Her collection of senryu, Our 50th, (ArtFarm Press), commemorates her experience as being among the first class including women at Williams College.
She was a founding section leader in the Poetry Forum on Compuserve. She served as a founding section leader of African American Resource Forum and in the Books and Writers section of the African American Culture Forum (American Visions) on Compuserve. She also served as a trainer, area coordinator, and group founder and leader for Amnesty International, U.S.A., in the southern tier of New York. She co-authored a biweekly column on social, political, and cultural issues for the Star Gazette.
She is a founding member of the Black Writers Union and the New Renaissance Writers Guild whose alumni include Arthur Flowers, Walter Dean Myers and Terri McMillan.

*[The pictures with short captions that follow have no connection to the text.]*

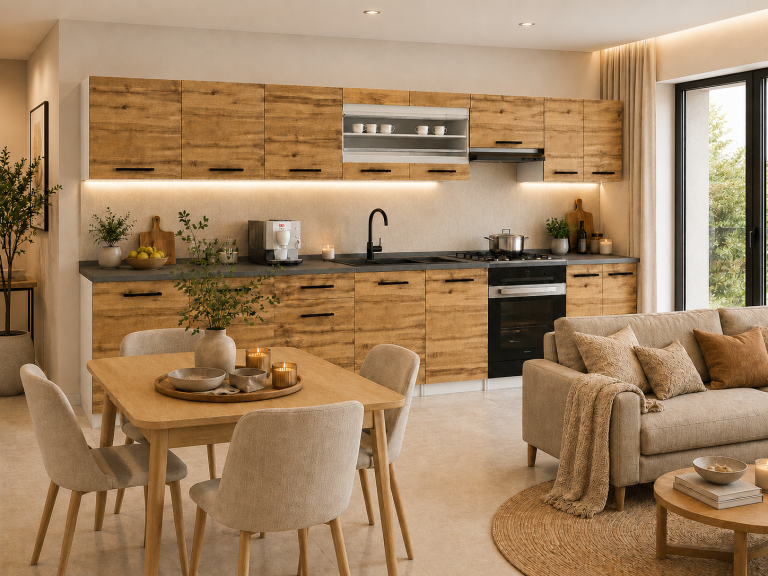 Mobilier de bucătărie de 320 cm, stejar Wotan, cu blat. Producător: TOR PRIMO320/4/WT/DW/0/B1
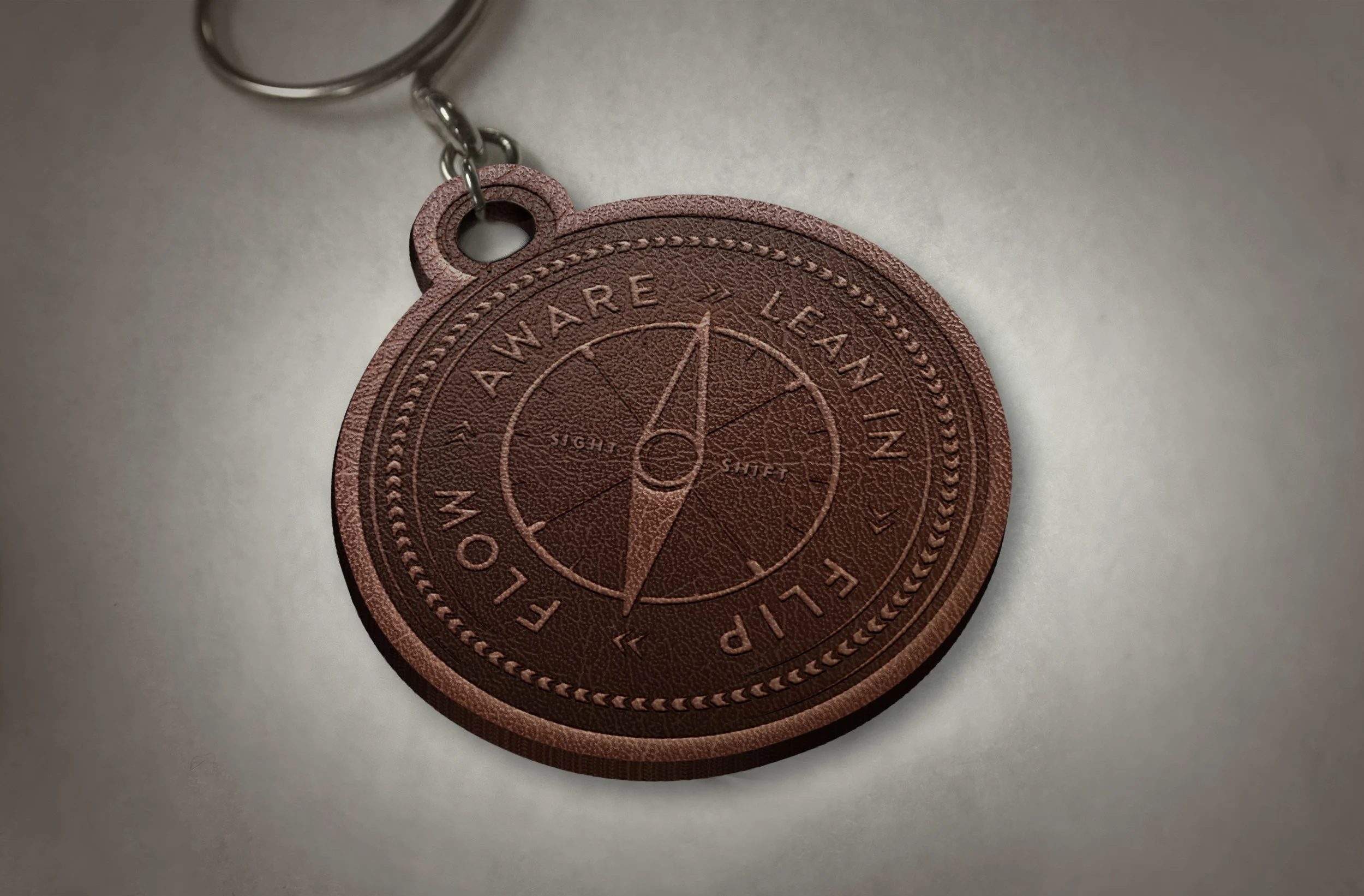 Leather keychain mockup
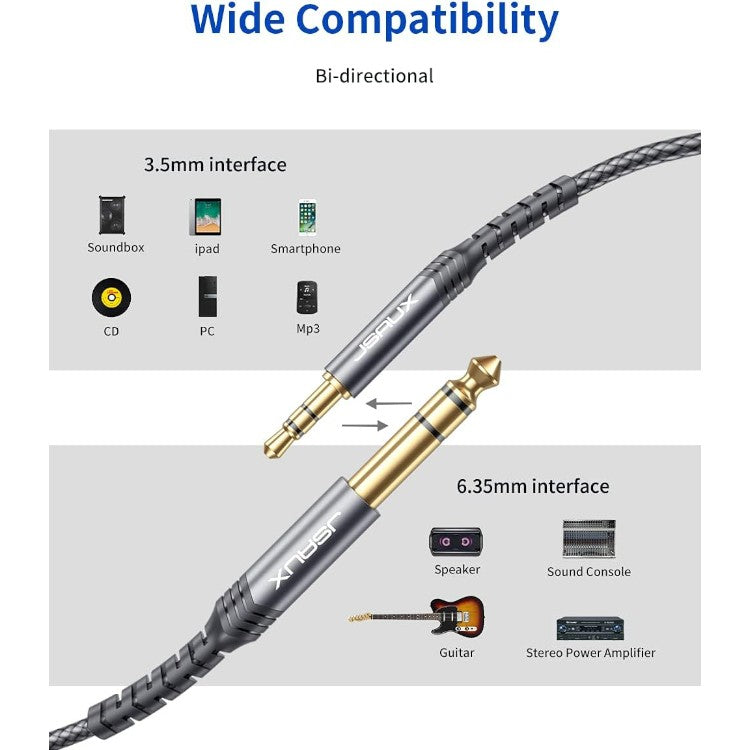 3.5 mm Jack v 6.35 mm Jack kabel, 3 m – JSAUX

She led the Voices of Fire Reading Choir from 1987 to 1999, performing her work and that of other African American poets. Akua has given hundreds of readings to audiences in colleges, prisons, parks, museums, libraries and bars.
Akua founded a paratransit nonprofit, awaiting a vehicle, to provide transportation for the wheelchair bound in her tiny town.
Akua also creates sculpture, objects, and jewelry in glass, fiber, metal, concrete and handmade paper; has published over 130 crochet patterns; plays the soprano saxophone; sings animé tunes in Japanese; and prays for the end of suffering for all sentience.